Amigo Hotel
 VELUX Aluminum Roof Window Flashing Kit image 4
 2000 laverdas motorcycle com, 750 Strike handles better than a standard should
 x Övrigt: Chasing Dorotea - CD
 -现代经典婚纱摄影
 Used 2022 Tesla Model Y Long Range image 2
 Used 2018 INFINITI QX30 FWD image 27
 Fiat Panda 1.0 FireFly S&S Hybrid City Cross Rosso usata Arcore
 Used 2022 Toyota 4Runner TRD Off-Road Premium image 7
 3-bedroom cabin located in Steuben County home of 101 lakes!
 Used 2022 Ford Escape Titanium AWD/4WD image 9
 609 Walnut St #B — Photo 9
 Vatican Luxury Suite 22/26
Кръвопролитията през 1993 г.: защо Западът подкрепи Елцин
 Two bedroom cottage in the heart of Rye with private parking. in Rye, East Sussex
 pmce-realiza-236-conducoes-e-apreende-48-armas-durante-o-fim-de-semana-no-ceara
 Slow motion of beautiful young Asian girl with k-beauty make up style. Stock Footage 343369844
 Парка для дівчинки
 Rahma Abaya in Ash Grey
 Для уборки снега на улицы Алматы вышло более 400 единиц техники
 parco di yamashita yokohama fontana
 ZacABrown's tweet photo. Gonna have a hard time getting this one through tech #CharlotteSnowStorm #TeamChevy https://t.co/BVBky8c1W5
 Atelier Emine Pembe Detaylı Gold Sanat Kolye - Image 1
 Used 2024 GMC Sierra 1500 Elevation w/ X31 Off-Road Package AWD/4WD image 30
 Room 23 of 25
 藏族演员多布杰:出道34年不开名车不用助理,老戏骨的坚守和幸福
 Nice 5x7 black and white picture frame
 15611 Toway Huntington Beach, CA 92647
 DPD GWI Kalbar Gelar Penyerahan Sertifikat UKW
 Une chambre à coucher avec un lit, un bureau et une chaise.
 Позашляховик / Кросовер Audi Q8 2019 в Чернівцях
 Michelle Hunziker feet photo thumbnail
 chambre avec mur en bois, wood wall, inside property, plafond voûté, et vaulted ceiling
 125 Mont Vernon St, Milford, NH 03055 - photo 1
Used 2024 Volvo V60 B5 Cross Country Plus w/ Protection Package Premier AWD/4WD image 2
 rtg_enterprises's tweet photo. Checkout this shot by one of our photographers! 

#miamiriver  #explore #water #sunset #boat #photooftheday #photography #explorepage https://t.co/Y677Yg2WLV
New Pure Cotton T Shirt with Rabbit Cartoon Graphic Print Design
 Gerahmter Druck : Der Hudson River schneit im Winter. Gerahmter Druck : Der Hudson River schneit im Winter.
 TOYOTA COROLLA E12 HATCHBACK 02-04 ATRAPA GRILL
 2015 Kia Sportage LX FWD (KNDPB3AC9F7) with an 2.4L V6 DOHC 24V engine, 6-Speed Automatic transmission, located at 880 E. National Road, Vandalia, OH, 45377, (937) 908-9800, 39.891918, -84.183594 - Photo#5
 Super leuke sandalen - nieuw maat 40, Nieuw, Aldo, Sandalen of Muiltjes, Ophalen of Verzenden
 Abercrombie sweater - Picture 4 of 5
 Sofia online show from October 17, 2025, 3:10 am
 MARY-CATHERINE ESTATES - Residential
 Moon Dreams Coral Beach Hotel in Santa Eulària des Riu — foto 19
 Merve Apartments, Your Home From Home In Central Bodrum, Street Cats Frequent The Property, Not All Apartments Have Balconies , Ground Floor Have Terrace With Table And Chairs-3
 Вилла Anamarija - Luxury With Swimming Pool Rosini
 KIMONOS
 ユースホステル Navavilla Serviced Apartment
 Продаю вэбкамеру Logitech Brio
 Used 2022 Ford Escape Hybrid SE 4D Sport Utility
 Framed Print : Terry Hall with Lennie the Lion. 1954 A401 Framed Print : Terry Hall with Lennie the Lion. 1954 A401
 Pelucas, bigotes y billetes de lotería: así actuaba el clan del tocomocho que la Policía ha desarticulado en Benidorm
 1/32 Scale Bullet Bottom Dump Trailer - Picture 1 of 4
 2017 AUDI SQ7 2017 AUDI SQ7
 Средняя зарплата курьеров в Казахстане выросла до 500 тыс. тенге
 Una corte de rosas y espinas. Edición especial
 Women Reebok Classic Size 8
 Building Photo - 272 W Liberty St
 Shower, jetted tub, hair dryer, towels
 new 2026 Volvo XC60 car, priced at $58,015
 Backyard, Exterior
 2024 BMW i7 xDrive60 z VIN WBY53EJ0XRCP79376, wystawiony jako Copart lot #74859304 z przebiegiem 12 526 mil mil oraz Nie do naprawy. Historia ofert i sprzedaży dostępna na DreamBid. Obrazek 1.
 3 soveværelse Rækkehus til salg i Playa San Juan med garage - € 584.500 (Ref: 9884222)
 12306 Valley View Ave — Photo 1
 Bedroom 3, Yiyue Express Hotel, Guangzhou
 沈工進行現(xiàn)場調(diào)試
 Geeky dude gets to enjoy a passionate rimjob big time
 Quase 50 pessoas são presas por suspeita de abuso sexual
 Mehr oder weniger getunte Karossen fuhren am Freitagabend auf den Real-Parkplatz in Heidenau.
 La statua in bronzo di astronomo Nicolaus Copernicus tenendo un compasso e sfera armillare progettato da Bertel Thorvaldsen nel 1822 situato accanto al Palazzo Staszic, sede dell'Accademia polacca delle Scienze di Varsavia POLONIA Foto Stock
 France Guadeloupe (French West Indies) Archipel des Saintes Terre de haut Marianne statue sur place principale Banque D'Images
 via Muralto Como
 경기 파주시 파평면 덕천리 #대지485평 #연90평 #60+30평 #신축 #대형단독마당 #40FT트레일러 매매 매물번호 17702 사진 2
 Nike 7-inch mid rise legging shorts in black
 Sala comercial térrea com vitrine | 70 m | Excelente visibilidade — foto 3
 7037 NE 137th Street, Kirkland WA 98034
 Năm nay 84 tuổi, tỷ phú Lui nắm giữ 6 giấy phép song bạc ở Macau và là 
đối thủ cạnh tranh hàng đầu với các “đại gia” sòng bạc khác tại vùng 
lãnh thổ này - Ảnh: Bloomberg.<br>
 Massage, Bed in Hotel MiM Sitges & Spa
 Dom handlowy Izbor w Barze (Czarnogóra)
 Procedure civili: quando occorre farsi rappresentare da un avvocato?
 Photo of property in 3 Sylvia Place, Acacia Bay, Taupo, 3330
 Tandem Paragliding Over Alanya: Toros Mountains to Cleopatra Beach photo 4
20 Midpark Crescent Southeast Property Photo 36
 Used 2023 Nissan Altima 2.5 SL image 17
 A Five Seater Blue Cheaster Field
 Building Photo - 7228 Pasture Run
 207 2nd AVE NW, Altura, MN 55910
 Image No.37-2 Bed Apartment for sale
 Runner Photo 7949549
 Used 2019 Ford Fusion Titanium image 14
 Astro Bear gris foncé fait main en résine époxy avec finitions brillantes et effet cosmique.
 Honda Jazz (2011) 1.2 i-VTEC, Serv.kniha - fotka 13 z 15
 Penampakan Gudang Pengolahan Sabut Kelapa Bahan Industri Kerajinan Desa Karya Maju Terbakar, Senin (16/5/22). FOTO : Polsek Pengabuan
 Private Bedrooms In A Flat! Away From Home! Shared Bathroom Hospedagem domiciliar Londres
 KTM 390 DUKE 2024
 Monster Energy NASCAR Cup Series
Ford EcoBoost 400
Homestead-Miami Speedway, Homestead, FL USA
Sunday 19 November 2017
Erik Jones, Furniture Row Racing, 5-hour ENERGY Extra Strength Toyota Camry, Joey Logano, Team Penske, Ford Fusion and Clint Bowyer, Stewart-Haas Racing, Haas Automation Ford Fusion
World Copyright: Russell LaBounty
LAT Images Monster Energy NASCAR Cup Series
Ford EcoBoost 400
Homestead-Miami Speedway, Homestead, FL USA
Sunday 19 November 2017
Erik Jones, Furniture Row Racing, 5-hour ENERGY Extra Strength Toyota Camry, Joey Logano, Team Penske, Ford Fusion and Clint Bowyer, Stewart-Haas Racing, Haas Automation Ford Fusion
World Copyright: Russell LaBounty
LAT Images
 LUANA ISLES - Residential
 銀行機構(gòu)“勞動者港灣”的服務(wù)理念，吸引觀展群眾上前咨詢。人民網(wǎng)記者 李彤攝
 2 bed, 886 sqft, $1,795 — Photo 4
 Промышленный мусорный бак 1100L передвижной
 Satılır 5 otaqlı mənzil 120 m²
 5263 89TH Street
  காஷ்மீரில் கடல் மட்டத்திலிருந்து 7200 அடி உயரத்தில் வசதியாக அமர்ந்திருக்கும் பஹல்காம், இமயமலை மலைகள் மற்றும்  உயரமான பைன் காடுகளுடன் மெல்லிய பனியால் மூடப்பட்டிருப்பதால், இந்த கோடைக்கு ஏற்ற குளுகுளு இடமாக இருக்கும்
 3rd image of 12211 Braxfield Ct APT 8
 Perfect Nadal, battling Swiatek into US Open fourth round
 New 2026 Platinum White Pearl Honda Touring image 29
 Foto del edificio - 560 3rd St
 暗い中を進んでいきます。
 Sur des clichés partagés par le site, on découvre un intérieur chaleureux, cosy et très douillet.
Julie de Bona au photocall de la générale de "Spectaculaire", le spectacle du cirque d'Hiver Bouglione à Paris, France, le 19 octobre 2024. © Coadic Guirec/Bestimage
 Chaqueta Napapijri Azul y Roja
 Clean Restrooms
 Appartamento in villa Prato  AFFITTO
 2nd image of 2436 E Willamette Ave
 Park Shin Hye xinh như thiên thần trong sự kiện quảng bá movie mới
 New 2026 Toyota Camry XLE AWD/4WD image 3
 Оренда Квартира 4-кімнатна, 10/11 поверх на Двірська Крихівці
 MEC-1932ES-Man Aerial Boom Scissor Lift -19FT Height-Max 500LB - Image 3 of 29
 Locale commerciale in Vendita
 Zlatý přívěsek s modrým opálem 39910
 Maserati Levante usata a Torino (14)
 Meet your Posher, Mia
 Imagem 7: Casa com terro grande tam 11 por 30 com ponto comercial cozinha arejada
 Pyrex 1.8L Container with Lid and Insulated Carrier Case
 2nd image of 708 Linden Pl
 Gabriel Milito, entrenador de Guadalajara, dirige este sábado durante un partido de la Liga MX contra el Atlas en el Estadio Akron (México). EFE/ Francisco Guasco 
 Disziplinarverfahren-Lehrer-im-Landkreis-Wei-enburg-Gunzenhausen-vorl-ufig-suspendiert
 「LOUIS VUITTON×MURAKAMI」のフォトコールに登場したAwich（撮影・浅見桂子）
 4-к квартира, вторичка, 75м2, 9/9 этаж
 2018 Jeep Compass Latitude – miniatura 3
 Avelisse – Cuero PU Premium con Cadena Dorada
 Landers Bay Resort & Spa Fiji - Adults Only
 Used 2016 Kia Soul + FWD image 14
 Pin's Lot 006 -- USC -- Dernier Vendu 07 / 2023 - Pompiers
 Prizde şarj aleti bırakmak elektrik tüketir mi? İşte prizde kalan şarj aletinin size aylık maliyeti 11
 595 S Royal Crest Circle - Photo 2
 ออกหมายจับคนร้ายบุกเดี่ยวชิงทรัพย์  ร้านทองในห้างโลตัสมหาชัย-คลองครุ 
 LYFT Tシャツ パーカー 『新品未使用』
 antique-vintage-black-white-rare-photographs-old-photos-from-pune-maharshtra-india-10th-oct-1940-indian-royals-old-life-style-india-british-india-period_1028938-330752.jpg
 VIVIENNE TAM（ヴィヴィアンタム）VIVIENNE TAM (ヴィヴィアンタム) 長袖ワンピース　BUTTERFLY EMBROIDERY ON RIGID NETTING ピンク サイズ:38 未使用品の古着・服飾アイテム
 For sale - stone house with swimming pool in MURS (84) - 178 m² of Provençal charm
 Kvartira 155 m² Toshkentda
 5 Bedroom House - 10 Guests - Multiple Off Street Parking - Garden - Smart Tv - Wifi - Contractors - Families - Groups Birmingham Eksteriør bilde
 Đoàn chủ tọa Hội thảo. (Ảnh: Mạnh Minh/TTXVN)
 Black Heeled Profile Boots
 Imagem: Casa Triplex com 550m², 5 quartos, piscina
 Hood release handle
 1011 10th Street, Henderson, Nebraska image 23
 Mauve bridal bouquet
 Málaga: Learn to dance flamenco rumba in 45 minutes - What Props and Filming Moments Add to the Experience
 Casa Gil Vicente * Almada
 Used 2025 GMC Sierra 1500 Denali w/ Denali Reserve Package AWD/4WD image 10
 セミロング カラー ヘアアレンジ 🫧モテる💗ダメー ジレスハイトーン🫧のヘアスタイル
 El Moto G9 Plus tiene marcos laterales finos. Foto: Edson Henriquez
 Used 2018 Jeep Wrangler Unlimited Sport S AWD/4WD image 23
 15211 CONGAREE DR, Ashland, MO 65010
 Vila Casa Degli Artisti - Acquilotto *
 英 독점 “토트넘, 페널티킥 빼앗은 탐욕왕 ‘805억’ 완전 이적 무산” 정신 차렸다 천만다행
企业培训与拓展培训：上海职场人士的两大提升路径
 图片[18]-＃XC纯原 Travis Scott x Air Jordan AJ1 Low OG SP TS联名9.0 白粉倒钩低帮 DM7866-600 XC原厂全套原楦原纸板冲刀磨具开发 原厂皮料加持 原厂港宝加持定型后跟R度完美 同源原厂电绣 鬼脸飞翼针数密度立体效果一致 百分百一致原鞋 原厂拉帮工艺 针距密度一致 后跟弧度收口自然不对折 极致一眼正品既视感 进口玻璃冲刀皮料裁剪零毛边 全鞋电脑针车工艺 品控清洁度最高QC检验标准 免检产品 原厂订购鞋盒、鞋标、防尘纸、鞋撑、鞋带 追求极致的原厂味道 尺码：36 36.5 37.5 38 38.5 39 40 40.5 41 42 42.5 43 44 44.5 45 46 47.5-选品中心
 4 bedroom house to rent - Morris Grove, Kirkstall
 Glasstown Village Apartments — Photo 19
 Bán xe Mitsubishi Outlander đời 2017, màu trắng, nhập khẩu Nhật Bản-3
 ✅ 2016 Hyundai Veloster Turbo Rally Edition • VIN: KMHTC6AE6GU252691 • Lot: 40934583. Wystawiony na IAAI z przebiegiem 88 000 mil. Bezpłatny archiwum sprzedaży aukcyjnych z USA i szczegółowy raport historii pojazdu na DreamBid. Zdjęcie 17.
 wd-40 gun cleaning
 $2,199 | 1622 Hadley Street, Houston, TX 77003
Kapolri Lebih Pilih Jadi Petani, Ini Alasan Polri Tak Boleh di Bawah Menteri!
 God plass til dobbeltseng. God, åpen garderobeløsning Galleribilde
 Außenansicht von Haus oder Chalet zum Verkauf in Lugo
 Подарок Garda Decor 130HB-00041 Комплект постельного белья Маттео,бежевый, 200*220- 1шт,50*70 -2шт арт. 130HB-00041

####

What is needed → Lines holding the word "sprzedaży" in the entries above are the ones to pull out. Copy them all.

Answer →
 2024 BMW i7 xDrive60 z VIN WBY53EJ0XRCP79376, wystawiony jako Copart lot #74859304 z przebiegiem 12 526 mil mil oraz Nie do naprawy. Historia ofert i sprzedaży dostępna na DreamBid. Obrazek 1.
 ✅ 2016 Hyundai Veloster Turbo Rally Edition • VIN: KMHTC6AE6GU252691 • Lot: 40934583. Wystawiony na IAAI z przebiegiem 88 000 mil. Bezpłatny archiwum sprzedaży aukcyjnych z USA i szczegółowy raport historii pojazdu na DreamBid. Zdjęcie 17.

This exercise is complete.